Augusto, por outro lado, começou a exagerar na direção oposta.
Queria verificar portas duas vezes, saber onde Lívia estava a cada minuto e transformar qualquer saída em uma operação cercada de segurança.
Renato já não estava presente, mas o medo que tinha tentado plantar continuava produzindo efeito.
Certa tarde, Augusto entrou na cozinha e encontrou Lívia sentada diante de uma tigela enorme, coberta de farinha até a ponta do nariz.
Janaína estava tentando fazer um bolo com ela.
— Cadê o segurança da farinha? — perguntou Janaína.
Augusto franziu a testa.
— O quê?
Janaína pegou a tigela usada para misturar a massa, virou-a de cabeça para baixo e colocou sobre a própria cabeça como se fosse um capacete.
Lívia explodiu numa gargalhada.
Augusto tentou manter a expressão séria.
— Isso não é engraçado.
— Claro que não — respondeu Janaína, ajustando a tigela na cabeça. — É equipamento de proteção de altíssimo nível.
Lívia riu ainda mais.
Augusto balançou a cabeça.
Janaína tirou a tigela, mas não perdeu o tom leve.

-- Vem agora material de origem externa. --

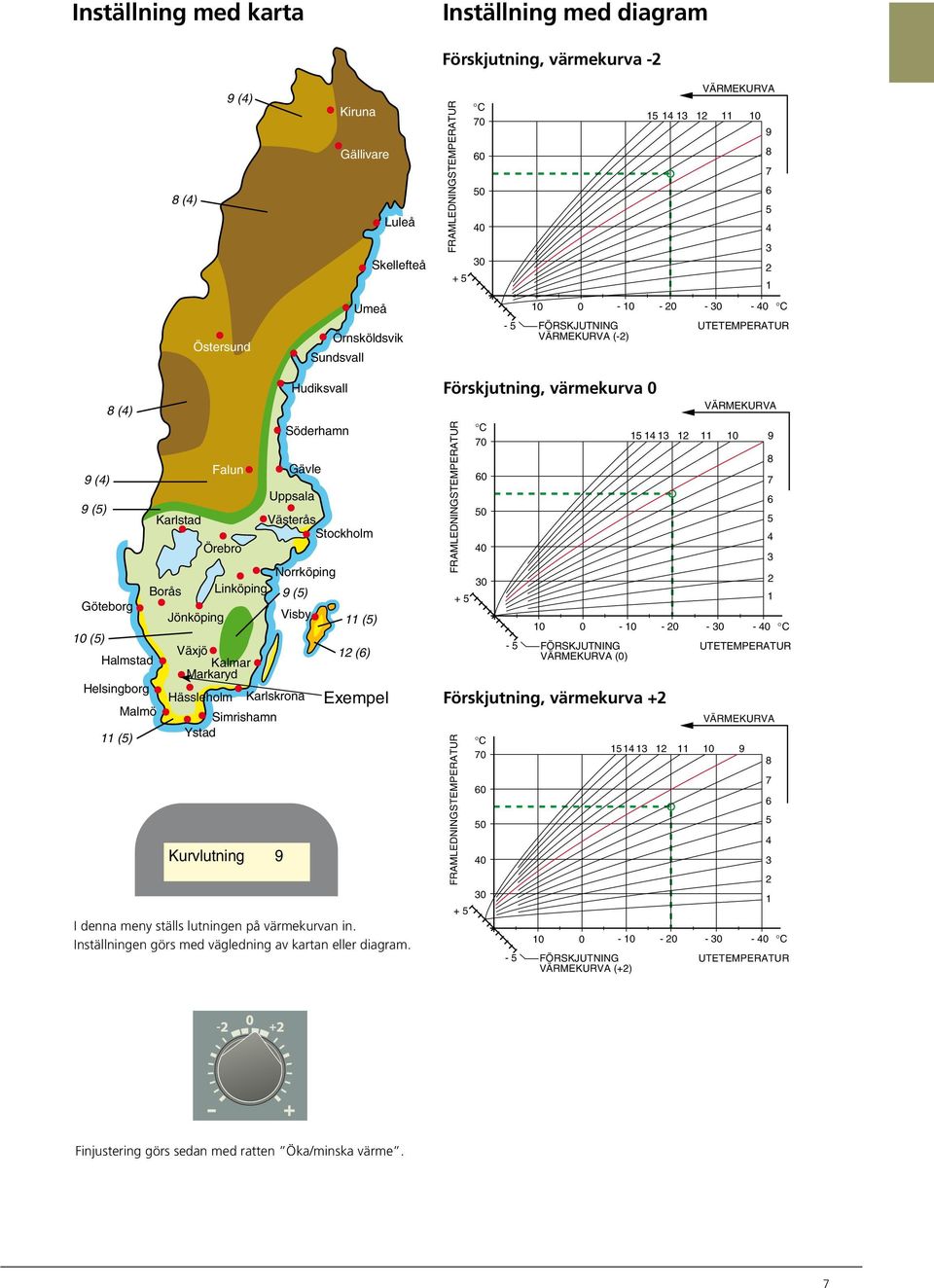 Malmö Karlstad Borås Gradmin () Örebro Linköping Växjö Kalmar Markaryd Hässleholm () VP min TS min VB diff VP Diff VPTS Östersund Falun Umeå Skellefteå Örnsköldsvik Sundsvall Hudiksvall Gävle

— Posso falar uma verdade que talvez o senhor não goste?
— Você nunca teve muita dificuldade com isso.
— Renato perdeu naquela noite. Mas, se o senhor transformar a vida dessa menina numa prisão porque ficou com medo, ele continua decidindo o que acontece nesta casa.
Augusto olhou para a filha.
Lívia já não ria.
Esperava a resposta dele.
Janaína colocou novamente a tigela na cabeça.

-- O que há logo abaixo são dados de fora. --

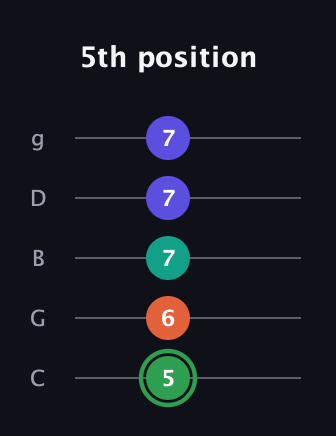 F Augmented Flat 9th guitar tab — 5th position (5 6 7 7 7) in C / Drop C (gCGBD)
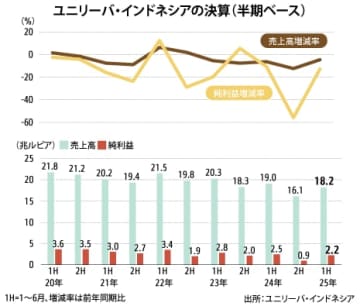 【インドネシア】ユニリーバ、上期決算は12.6％減益［製造］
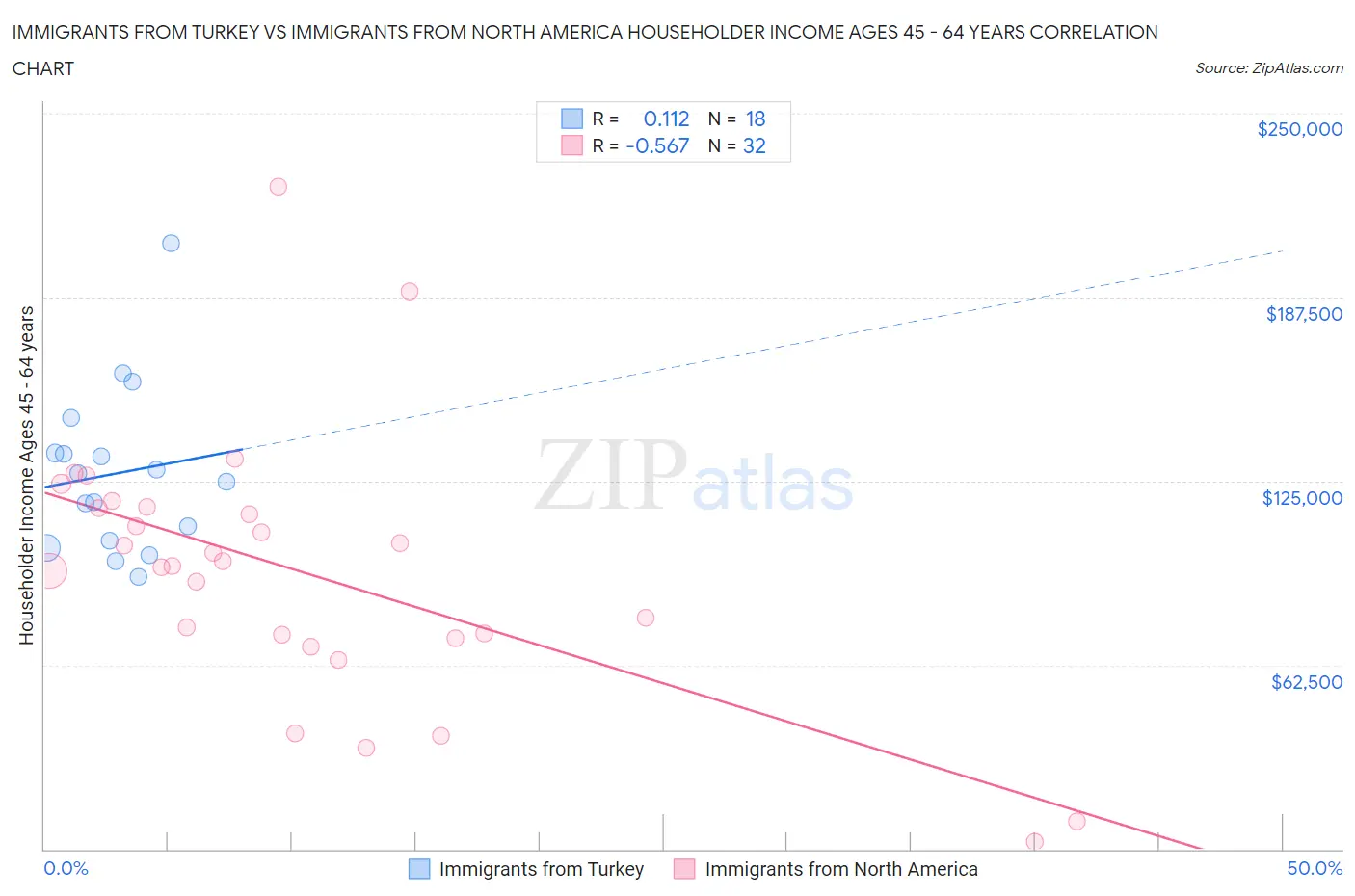 Immigrants from Turkey vs Immigrants from North America Householder Income Ages 45 - 64 years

— E nenhuma criança merece precisar de autorização de uma central de segurança para fazer bolo.
Augusto tentou segurar.
Não conseguiu.
Primeiro saiu um som curto, quase enferrujado.
Depois outro.
Lívia arregalou os olhos.
— Pai, você está rindo!
Janaína ficou imóvel com a tigela na cabeça.
Augusto levou a mão ao rosto, ainda rindo de um jeito que parecia estranho até para ele.
Havia sete anos ninguém próximo dele conseguia lembrar de ouvi-lo rir daquele jeito.
Lívia desceu da cadeira e o abraçou pela cintura.
Na semana seguinte, ela pediu limonada pela primeira vez desde a festa.
Janaína colocou o copo diante dela, mas deixou o canudo separado sobre a mesa.
Era rosa, com bolinhas brancas.
Lívia pegou o canudo com as próprias mãos, examinou o copo e mergulhou a ponta na bebida.
Augusto observou sem interferir.
A menina provou um gole, fez uma careta e Janaína ficou tensa por meio segundo.
Então Lívia sorriu.
— Está azeda.
Janaína apontou para o açúcar.
— Dessa vez, você decide quanto coloca.
Lívia puxou o pote para perto.
E o canudo rosa, que naquela festa havia sido a primeira pista de que alguém tentara tirar dela o controle, passou a significar exatamente o contrário: uma menina escolhendo o próprio copo, diante de adultos que finalmente aprenderam a prestar atenção antes de decidir por ela.